** ABOUT THIS EXERCISE **
Your answer must consist of exactly the lines below, starting with the line with "POŽIAR V BRATISLAVE: Horí" and going on through the line with "Blossoms & Gems", and nothing else.

** SOURCE MATERIAL **
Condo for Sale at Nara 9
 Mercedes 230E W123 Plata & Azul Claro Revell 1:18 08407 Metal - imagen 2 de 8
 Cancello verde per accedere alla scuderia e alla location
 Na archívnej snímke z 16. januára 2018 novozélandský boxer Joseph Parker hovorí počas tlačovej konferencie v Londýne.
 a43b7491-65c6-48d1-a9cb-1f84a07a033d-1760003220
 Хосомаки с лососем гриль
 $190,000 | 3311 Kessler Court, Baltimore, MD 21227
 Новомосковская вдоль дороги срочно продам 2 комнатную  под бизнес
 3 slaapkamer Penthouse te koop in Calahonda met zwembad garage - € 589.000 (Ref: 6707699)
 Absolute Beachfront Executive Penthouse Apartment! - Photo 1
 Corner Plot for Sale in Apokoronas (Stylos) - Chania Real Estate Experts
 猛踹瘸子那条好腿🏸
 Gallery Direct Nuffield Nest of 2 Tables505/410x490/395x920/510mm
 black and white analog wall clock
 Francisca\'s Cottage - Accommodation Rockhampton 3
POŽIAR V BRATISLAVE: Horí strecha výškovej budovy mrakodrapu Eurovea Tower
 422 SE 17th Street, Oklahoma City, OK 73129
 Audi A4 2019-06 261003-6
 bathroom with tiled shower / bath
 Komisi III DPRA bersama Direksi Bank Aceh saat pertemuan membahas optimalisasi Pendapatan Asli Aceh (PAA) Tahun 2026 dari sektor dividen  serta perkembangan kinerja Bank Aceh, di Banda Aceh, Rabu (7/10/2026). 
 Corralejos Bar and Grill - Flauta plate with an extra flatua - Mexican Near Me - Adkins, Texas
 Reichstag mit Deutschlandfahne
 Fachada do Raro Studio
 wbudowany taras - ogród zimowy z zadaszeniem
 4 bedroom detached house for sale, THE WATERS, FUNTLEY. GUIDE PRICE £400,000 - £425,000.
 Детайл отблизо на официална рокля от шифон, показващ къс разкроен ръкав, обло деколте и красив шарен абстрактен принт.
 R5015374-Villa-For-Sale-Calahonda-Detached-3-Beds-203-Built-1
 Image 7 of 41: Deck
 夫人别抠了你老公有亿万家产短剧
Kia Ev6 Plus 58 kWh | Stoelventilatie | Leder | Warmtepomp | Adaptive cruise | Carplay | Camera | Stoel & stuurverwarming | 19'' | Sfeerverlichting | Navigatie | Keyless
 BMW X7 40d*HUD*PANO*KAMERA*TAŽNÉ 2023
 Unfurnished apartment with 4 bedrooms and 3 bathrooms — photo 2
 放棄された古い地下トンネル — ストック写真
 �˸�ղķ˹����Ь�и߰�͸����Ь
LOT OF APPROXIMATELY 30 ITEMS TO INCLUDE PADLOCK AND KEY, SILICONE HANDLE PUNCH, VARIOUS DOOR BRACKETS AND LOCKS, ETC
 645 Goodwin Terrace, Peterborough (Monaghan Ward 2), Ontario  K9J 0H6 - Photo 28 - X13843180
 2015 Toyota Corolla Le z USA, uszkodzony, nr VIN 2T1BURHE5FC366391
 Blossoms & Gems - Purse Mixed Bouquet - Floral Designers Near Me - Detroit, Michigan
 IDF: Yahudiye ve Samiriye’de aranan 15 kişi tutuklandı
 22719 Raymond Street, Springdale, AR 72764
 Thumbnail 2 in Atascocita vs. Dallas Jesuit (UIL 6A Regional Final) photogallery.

** RESPONSE **
POŽIAR V BRATISLAVE: Horí strecha výškovej budovy mrakodrapu Eurovea Tower
 422 SE 17th Street, Oklahoma City, OK 73129
 Audi A4 2019-06 261003-6
 bathroom with tiled shower / bath
 Komisi III DPRA bersama Direksi Bank Aceh saat pertemuan membahas optimalisasi Pendapatan Asli Aceh (PAA) Tahun 2026 dari sektor dividen  serta perkembangan kinerja Bank Aceh, di Banda Aceh, Rabu (7/10/2026). 
 Corralejos Bar and Grill - Flauta plate with an extra flatua - Mexican Near Me - Adkins, Texas
 Reichstag mit Deutschlandfahne
 Fachada do Raro Studio
 wbudowany taras - ogród zimowy z zadaszeniem
 4 bedroom detached house for sale, THE WATERS, FUNTLEY. GUIDE PRICE £400,000 - £425,000.
 Детайл отблизо на официална рокля от шифон, показващ къс разкроен ръкав, обло деколте и красив шарен абстрактен принт.
 R5015374-Villa-For-Sale-Calahonda-Detached-3-Beds-203-Built-1
 Image 7 of 41: Deck
 夫人别抠了你老公有亿万家产短剧
Kia Ev6 Plus 58 kWh | Stoelventilatie | Leder | Warmtepomp | Adaptive cruise | Carplay | Camera | Stoel & stuurverwarming | 19'' | Sfeerverlichting | Navigatie | Keyless
 BMW X7 40d*HUD*PANO*KAMERA*TAŽNÉ 2023
 Unfurnished apartment with 4 bedrooms and 3 bathrooms — photo 2
 放棄された古い地下トンネル — ストック写真
 �˸�ղķ˹����Ь�и߰�͸����Ь
LOT OF APPROXIMATELY 30 ITEMS TO INCLUDE PADLOCK AND KEY, SILICONE HANDLE PUNCH, VARIOUS DOOR BRACKETS AND LOCKS, ETC
 645 Goodwin Terrace, Peterborough (Monaghan Ward 2), Ontario  K9J 0H6 - Photo 28 - X13843180
 2015 Toyota Corolla Le z USA, uszkodzony, nr VIN 2T1BURHE5FC366391
 Blossoms & Gems - Purse Mixed Bouquet - Floral Designers Near Me - Detroit, Michigan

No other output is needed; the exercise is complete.